A more immediate pitching challenge is likely to be in the form of bots that serve as editorial gatekeepers. It’s easy to imagine more reporters coming to rely on bots to vet pitches, as sifting through a daily pile is tedious work and some of it can be easily automated. It should be relatively trivial for an algorithm to filter out pitches that are for a different beat, are on a topic that the reporter has covered two months ago, are from a list of unreliable sources, contain phrases that are deemed too promotional, or cross a pre-determined threshold of syntax errors. In other words, uber spam filters with more intelligence, even intuition. This is actually a welcome development, as it weeds out the bad from the good pitches, and gives journalists more time to focus on yours.
But as newsbots get smarter and evolve from assembling news to breaking news, we will find ourselves in the humiliating position of having to convince a highly discerning robot that our pitch merits consideration. How does one pitch, engage, and persuade a machine? Usually, before we pitch, we like to know who we’re pitching to, their beat, areas of particular focus, topics they’ve covered over the past 3-6 months, in what manner they prefer to be pitched, pet peeves, interests, etc. When pitching a bot, who – or what – are you pitching? How much will information on a particular bot be available? Will bots be assigned to beats with a “paper trail” that shows their work over the past several months? Will news organizations give a newsbot covering a particular beat a name, like online digital assistants that go by the name Harry or Molly?

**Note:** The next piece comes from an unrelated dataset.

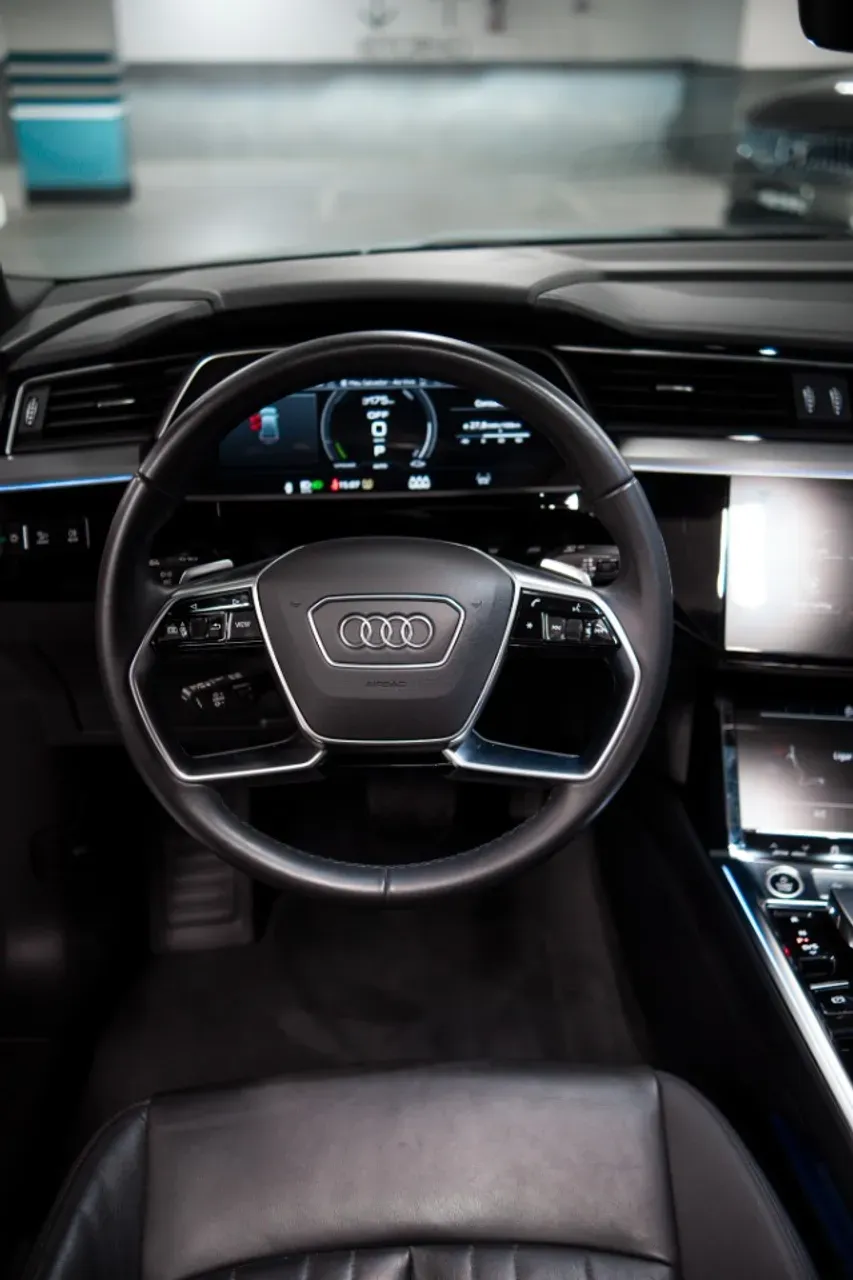 Audi E-tron Sportback - Imagem 9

Will they have a history that we can use as a reference point?
Bots With a Human Face
Bots with a human face is apparently not that far-fetched and actually may make sense on an HR level. Indeed, some people are starting to think deeply about the HR implications of a workforce made up of bots and their human colleagues. A recent Forbes article, Benefits For Bots And Other HR Conundrum, argued that “much like their human counterparts, bots need onboarding, training, upskilling, management, performance reviews and even retirement strategies if they are to be productive members of the employee roster.” The article went on to recommend that bots have clearly defined roles, they are assigned a manager to train them and monitor their performance, and they are provided with an exit strategy (“You may discover that, like human employees, a bot may not be a good fit for the task at hand, particularly as the transaction or process develops and morphs over time.”). It turns out bots are people too – kind of.

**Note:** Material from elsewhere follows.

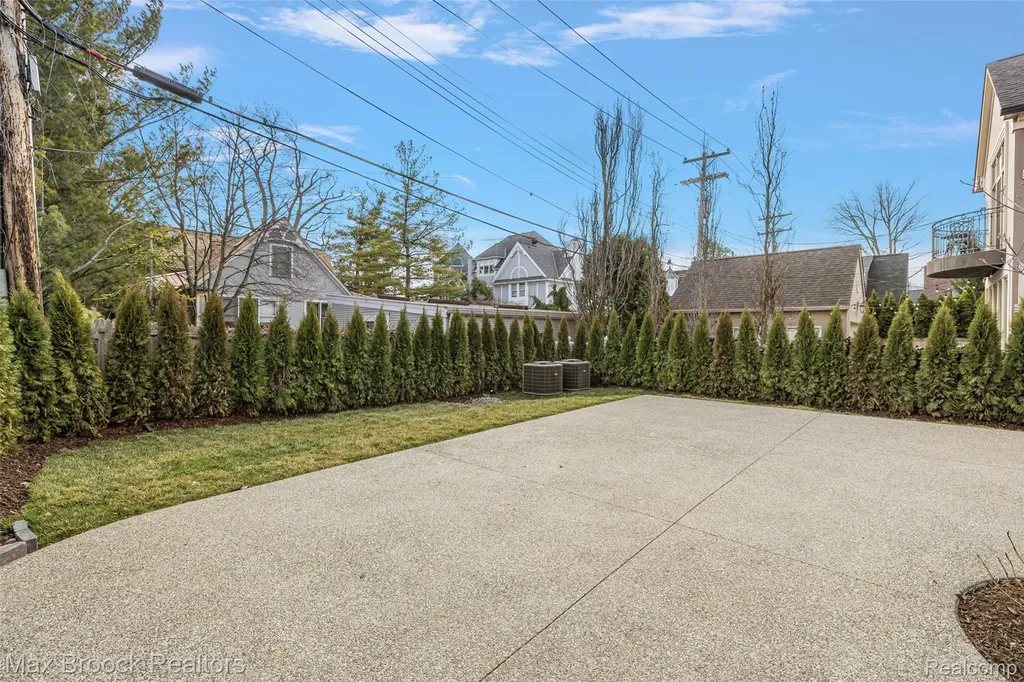 535 Henrietta Street Birmingham City MI 48009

“Helen3000 (no relation to Andre3000) covers business and technology. Mets fan, grammar nerd, stamp collector. Insists that you know her beat before contacting her (by email). And no, she won’t be able to meet you at HRTech, Interop or the Consumer Electronics Show to talk about your client.”
So while Helen is a bot, she’s a bot you can kinda, sorta relate to, which makes her at least seem just a little more pitchable. The downside is that a newsbot with this level of sophistication may be able to cut out the middle man – us – and generate its own pitches for its own stories.
If I’ve painted too grim a picture, take heart in the observations of Joshua Benton, Director of Harvard University’s Nieman Journalism Lab, “Good journalism is not just a matter of inputs and outputs, there is a craft that, however imperfect, has evolved over decades … I’m not saying that machines will never get there, but I think they’re still a pretty long way away.”
As long as there’s a need for stories, there’s a need for multiple perspectives in order to maintain balance. Newsbots can handle the who, what, when, where, but not what it all means. That’s our job … for now.